Les étudiants de l'UE recherchent un emploi à l'étranger et la plupart des multinationales qui s'adressent à l'INSEAD recrutent pour des postes en dehors de l'Europe (Chine, Inde et Abu Dhabi), ce qui prouve bien que l'Europe a encore du pain sur la planche pour retenir ses talents, a poursuivi M. Van der Heyden.

« Nous devrions arrêter de rejeter la faute sur les entreprises et nous concentrer sur les aspects positifs pour restaurer la confiance », a-t-il ajouté. Il a précisé que, selon lui, se montrer plus ferme avec les étudiants ne minait pas forcément leur confiance.

Les chefs d'entreprise ont critiqué l'UE et les décideurs politiques nationaux pour s'être révélés inefficaces et indécis sur la manière de résoudre la crise dans la zone euro.
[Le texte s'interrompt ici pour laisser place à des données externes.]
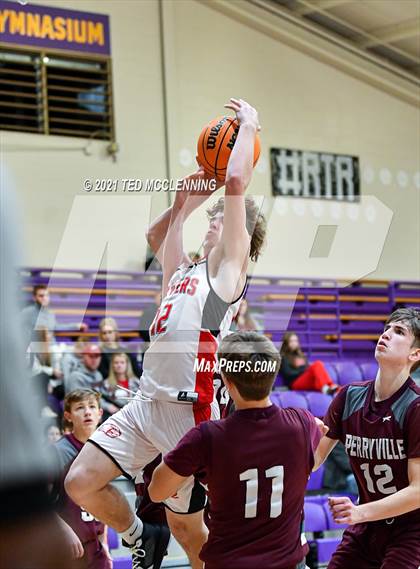 Thumbnail 2 in Glen Rose vs Perryville (Fountain Lake Christmas Classsic) photogallery.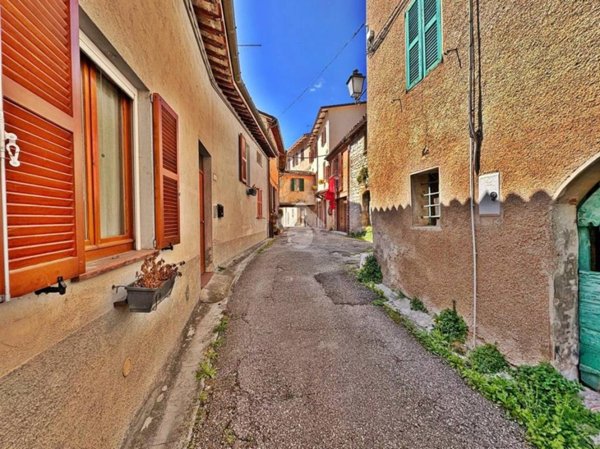 casa indipendente in vendita a Fabriano in zona Cancelli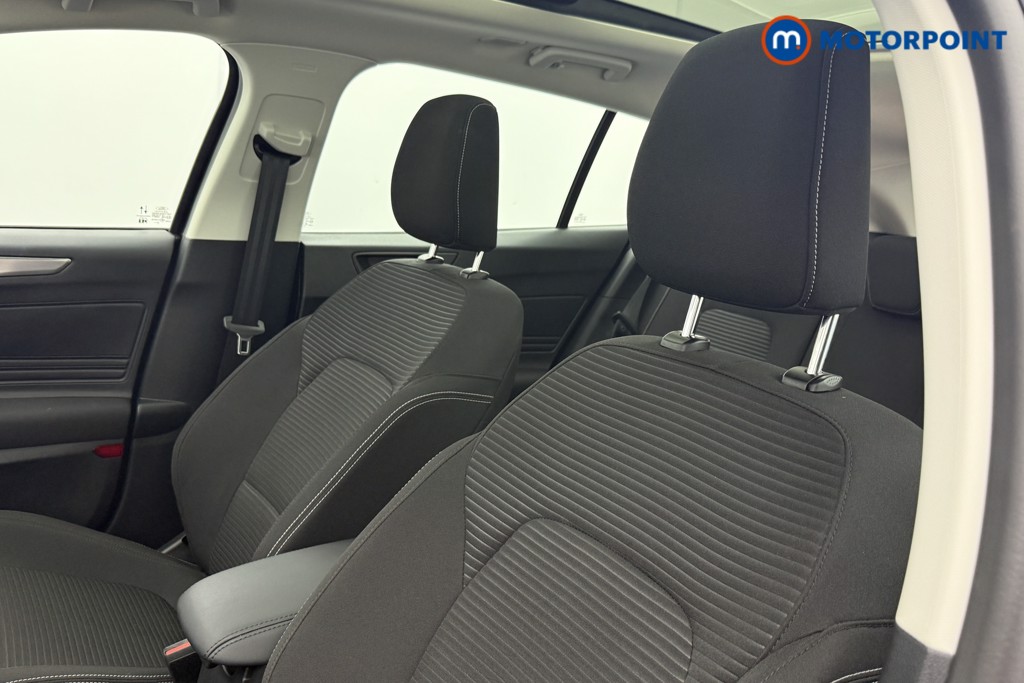 Ford Focus Titanium Automatic Petrol-Electric Hybrid Estate - Stock Number (1563517) - 21st supplementary image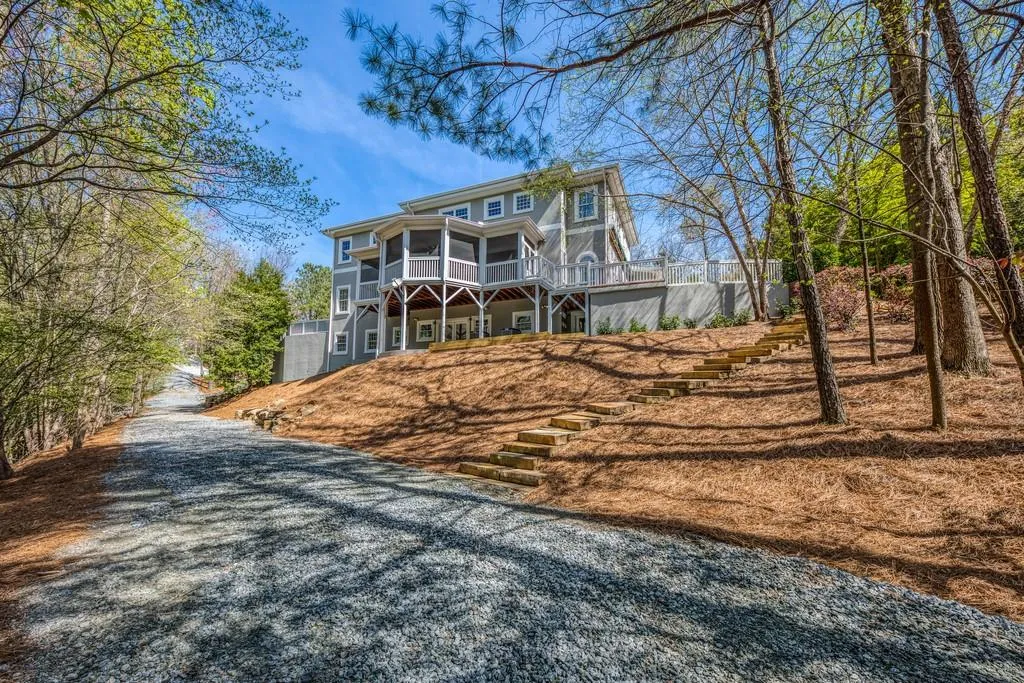 5815 De Claire Court, Sandy Springs, Georgia 30328, 6 Bedrooms Bedrooms, ,5 BathroomsBathrooms,Residential,Sold,5815 De Claire Court,6531341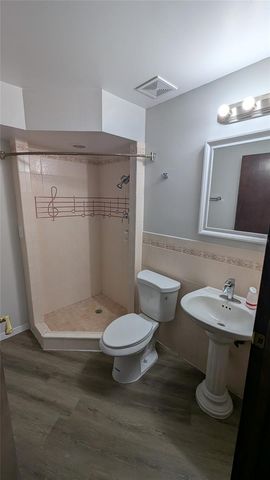 8101 VIA BONITA, Sanford, FL 32771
Fait encore plus inquiétant, le processus de prise de décision de l'Union n'apparaît pas très solide, ce qui prouve que les intérêts nationaux continuent de dominer les efforts de l'Europe pour enrayer la crise.

L'Europe pourrait sortir de la tempête si elle se concentrait sur le marché unique et la transmission des meilleures pratiques entre les Etats membres, mais les entreprises ont le sentiment qu'aucun modèle social unique ne conviendrait à tous les pays de l'Union. Si l'intégration économique est considérée comme nécessaire, la flexibilité sociale est un élément important de l'avenir de l'UE, selon les hommes d'affaires.

Une zone euro restreinte ?

Un patron d'entreprise sur trois pense que la zone euro devrait être plus restreinte qu'aujourd'hui, un sentiment qui plaide en faveur d'une Europe à deux vitesses. Ils restent toutefois convaincus qu'une intégration renforcée est nécessaire entre les pays de l'union monétaire.

Ils ont adopté une approche pragmatique, affirmant qu'il était tout à fait sensé de se limiter à une alliance des pays les plus forts, dans la mesure où les membres plus faibles ne font que déstabiliser la zone.

« Cela ne veut pas dire qu'ils ne pourraient pas revenir plus tard, mais au moins, ils ne mettraient pas en péril le projet dans son ensemble », ont-ils argué.